Lupenreine Diplomatie statt lupenreine Demokratie?
Seien wir weiter ehrlich. Wer erinnert sich nicht an die Bilder von Angela Merkel neben Erdogan, der die starke Frau aus Berlin kurzerhand neben sich auf einen dieser beiden demokratiefernen Goldthrone setzte. Bilder, die uns von Putin und Seehofer aus Moskau erspart geblieben sind, die es aber sicher ebenfalls gegeben hat. Das Mobiliar im Kreml gibt das vielfach her.

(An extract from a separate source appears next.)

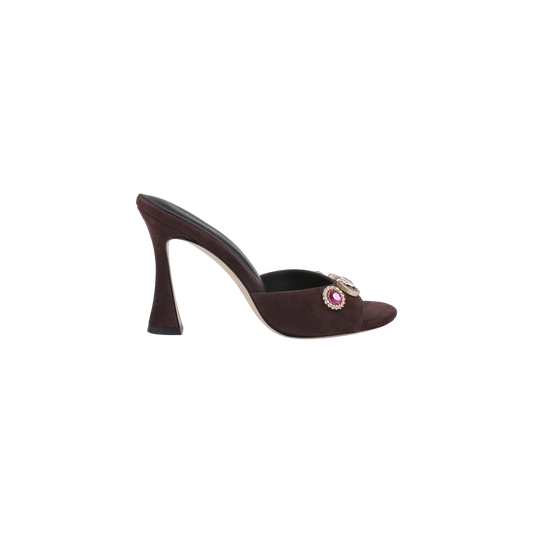 Deep Mahogany Suede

Weitere goldene Stühle stehen übrigens in Saudi Arabien jederzeit für die Kanzlerin bereit. So war es Angela Merkel, die den verstorbenen Abdullah noch 2015 als Mann von „Klugheit und Weitsicht“ pries. Saudi Arabien, das ist jenes Land, in dem Systemkritiker ausgepeitscht werden und wo die Tatsache, dass Frauen keine Autos steuern dürfen, noch zu den geringsten Einschränkungen gehören dürfte, wenn man die üblichen Genitalverstümmelungen im arabischen Raum (in Ägypten bis zu 95%, in Saudi Arabien vorwiegend bei einer großen Zahl von Migrantinnen) nicht thematisieren mag.

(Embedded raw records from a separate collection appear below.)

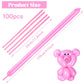 Pink 260 Long Balloons 100 Pack Matte Pink Modeling Long Magic Balloons Thickening Latex Twisting Diy Animal Balloon For Birthda
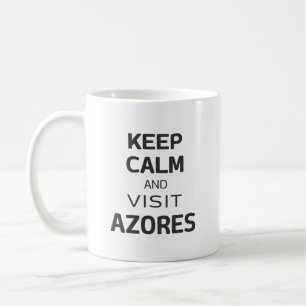 Caneca De Café Mantenha a calma e visite os Açores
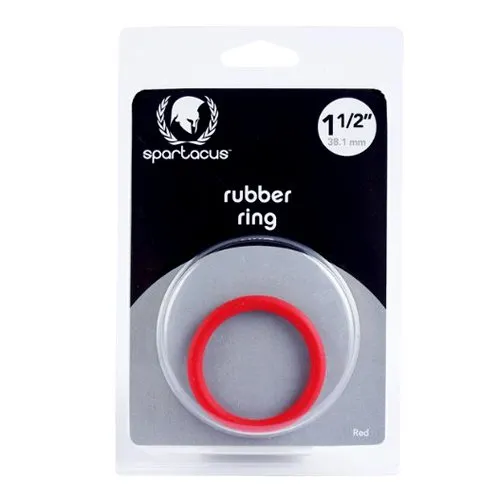 1 12In Soft C Ring Red Spartacus Male Sex Toys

Despot, Demokrat, Putin, Merkel, Gabriel, Seehofer. Am Ende des Tages kann also Tagespolitik nirgends und nie lupenrein demokratisch sein. Das macht sie aber noch nicht zu einem Auslaufmodell. Sie basiert allenfalls auf einer mehr oder weniger gefestigten demokratischen Legitimation und auf einer immer wieder zu erneuernden demokratischen Willenserklärung jedes einzelnen Würdenträgers. Merkels Einladung an Millionen Menschen aus dem arabischen Raum, nach Deutschland zu kommen (Zitat Siegmar Gabriel s.o.), wird dann aber zum ultimativen Sündenfall. Illegitim. Undemokratisch. Unverantwortlich. Außerdem ein Milliardengrab. Mit einzigartigen Folgen für ganz Europa. Und mit ihrem Amt nicht mehr vereinbar. Aber das an die ganz große Glocke zu hängen – so weit würde Seehofer niemals gehen. Er würde sich sein eigenes politisches Grab schaufeln. Nein, man gönnt sich hier einfach eine komplexe zwar, aber eine einvernehmliche, politisch für beide Unionsseiten komfortable Win-Win-Situation. Horst Seehofers Russlandreise ist möglicherweise ein Teil dieses Deals auf Gegenseitigkeit. Seehofer ist kanzlerinnenfest. Und sie weiß das ganz genau.